FİKRİMİN ÇİVİSİ ÇIKTI



Kitabın Adı: Fikrimin Çivisi Çıktı

Kitabın Yazarı: Tunahan Atalay

Yayınevi: İskenderiye Kitap

Sayfa Sayısı: 160

Fikrimin Çivisi Çıktı farklı başlıklar altında toplanmış deneme yazılarından oluşan bir kitap. Yazar, her bir başlıkta farklı bir düşünce, farklı yaşanmışlıklar ve farklı bir duygu yoğunluğu ile buluştururken, hayatının değişik noktalarına konuk ediyor. Bazen arkadaşını anlatıyor, bazen geçmişte yaşadıklarını, bazı bölümlerde kızgınlığını, bazılarında da aşkını... Tüm bunları yaparken kurduğu cümleler oldukça etkileyici. Yazarın kelimelerle arası çok iyi, onları konuşturmayı seviyor ve bu konuda hayli başarılı. Beğendiğiniz cümlelerin altını çizmeye kalksanız neredeyse tüm kitabı çizmek zorunda kalabilirsiniz. Ben çizmeye kıyamayıp renkli kağıtları tercih edenlerdenim. Bu yüzden de kapağı siyah ve beyaz olarak tasarlanmış olmasına rağmen benim kitabım artık çok renkli. Kalemi ile yeni tanışma fırsatı bulduğum çiçeği burnunda yazarın başarısını gönülden tebrik ediyorum. Özensiz çalışmalarla sıklıkla karşılaştığımız bu zamanda böylesi içten ve güzel yazılmış kitabın hak ettiği değeri görmesini diliyorum.

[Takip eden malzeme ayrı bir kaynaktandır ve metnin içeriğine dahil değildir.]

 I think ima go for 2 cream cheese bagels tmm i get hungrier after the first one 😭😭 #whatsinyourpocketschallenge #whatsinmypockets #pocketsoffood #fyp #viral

Fikrimin Çivisi Çıktı uzun uzun anlatılabilecek bir kitap değil . Okumak lazım, hissetmek lazım ve üzerinde düşünmek lazım.
O zaman ben susayım kitap kendisini anlatsın.

*İnsan kaybetmenin ne demek olduğunu yerine koyamayacaklarını yitirince öğreniyormuş.

*Bazı yapılar tuğlaları üst üste koymaktan öte gider. Beton harçları arasına hüzün, pencereler yerine umut, kapı niyetine bekleyişler monte edilmiş olabilir. Yetimhaneler gibi. Kaç dünya sığar ki bir yetimhaneye; küçük bedenlerde büyük yürekler taşıyan? Kaç tuğla düşer bir yetim başına? Ulan baba düşmemiş adamın başına. Müteahhit olmanın bile zor olduğu binada işçiler çocuktur. Ve çocuk işçi çalıştırmanın yasak olduğu kanunlar, yetim büyümeyi henüz yasaklamamıştır.

*Gitmeler yeni bir başlangıç değildir. Gitmek bitmektir.. Biraz daha tükenmek. Eğer anılarını bırakamıyorsan gönlünü ve fikirlerini bedeninde taşıyıp gitmeler eşyalarının yerini değiştirmektir sadece.

*Kar sükuneti hatırlatır çocuk. Yağmur sarılma ihtiyacını, bozkır aşkımı, şimşekler karanlığı bölen aydınlığımı, gazel matemi, ağıtlar ölümü, hasretlik seni. Adın hasret olmasın senin?